INFORMATION SUPPLIED:

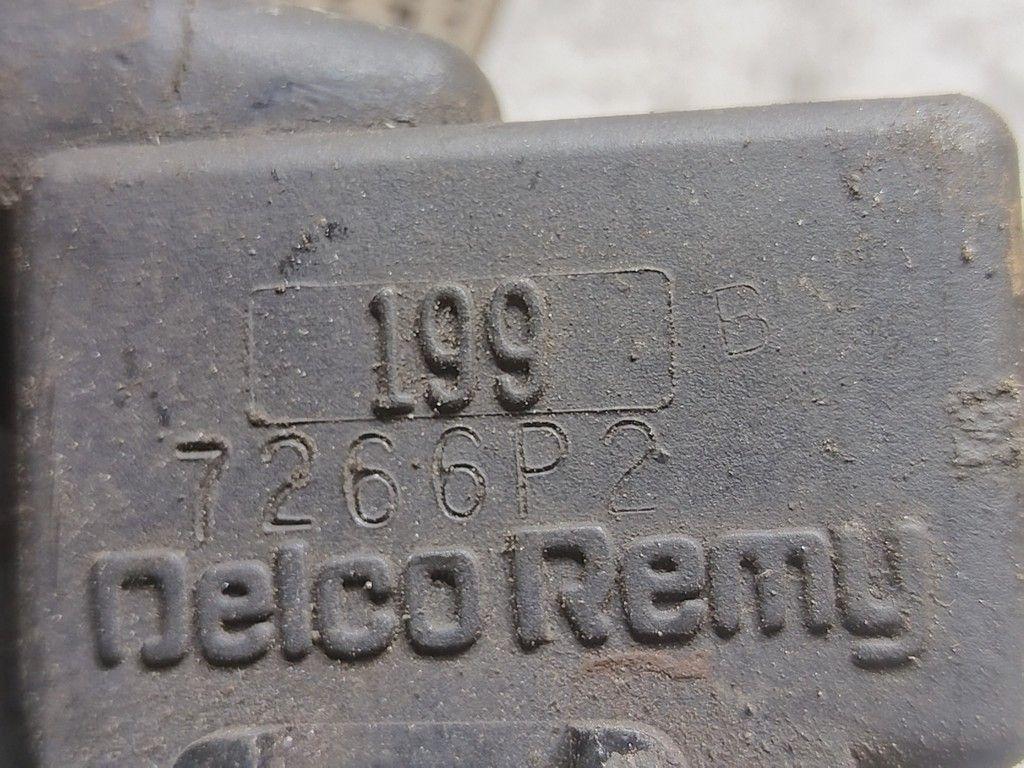 Клапан электромагнитный SNPTJH Renault Scenic - Фото 4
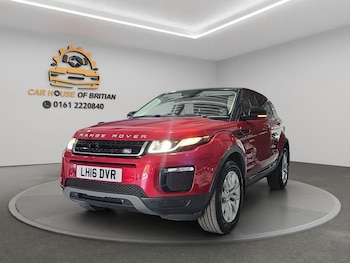 Used Land Rover Range Rover Evoque 2016 for sale - 79484299: Photo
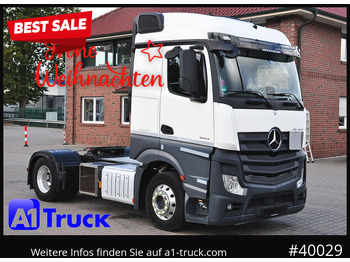 Tracteur routier MERCEDES-BENZ 1843 StreamSpace GGVS ADR FL AT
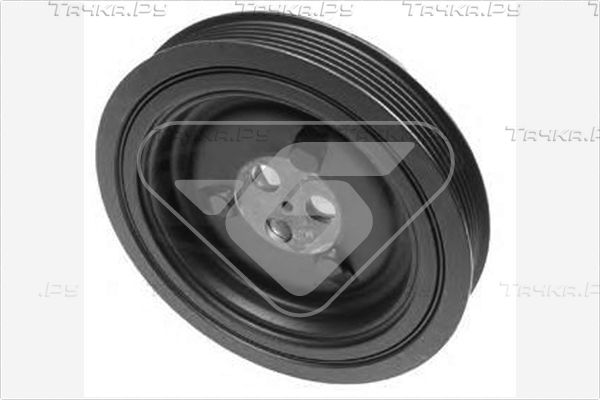 Шкив коленвала Hutchinson для Peugeot Boxer III 2006-2026. Артикул DP059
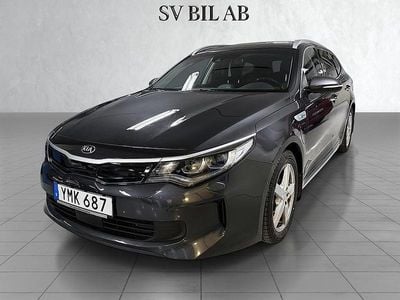Kia Optima Hybrid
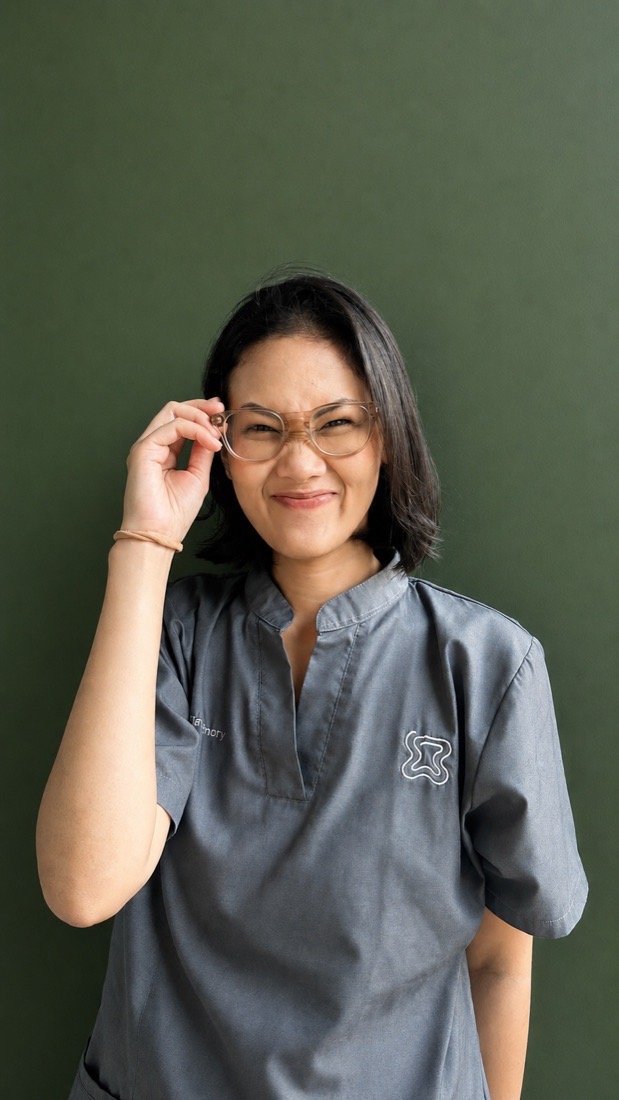 drg. Nabila Shery Larasati at FLOSS Dental Studio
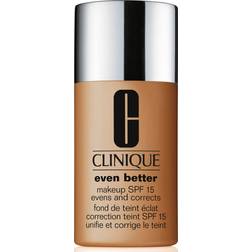 Clinique Even Better makeup SPF15 #32-pecan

YOUR GOAL:
Only what runs from the line holding "Шкив коленвала Hutchinson" through the end of the entries above is to be given again, exactly, with every picture omitted.

THE ANSWER:
 Шкив коленвала Hutchinson для Peugeot Boxer III 2006-2026. Артикул DP059
Kia Optima Hybrid
 drg. Nabila Shery Larasati at FLOSS Dental Studio
 Clinique Even Better makeup SPF15 #32-pecan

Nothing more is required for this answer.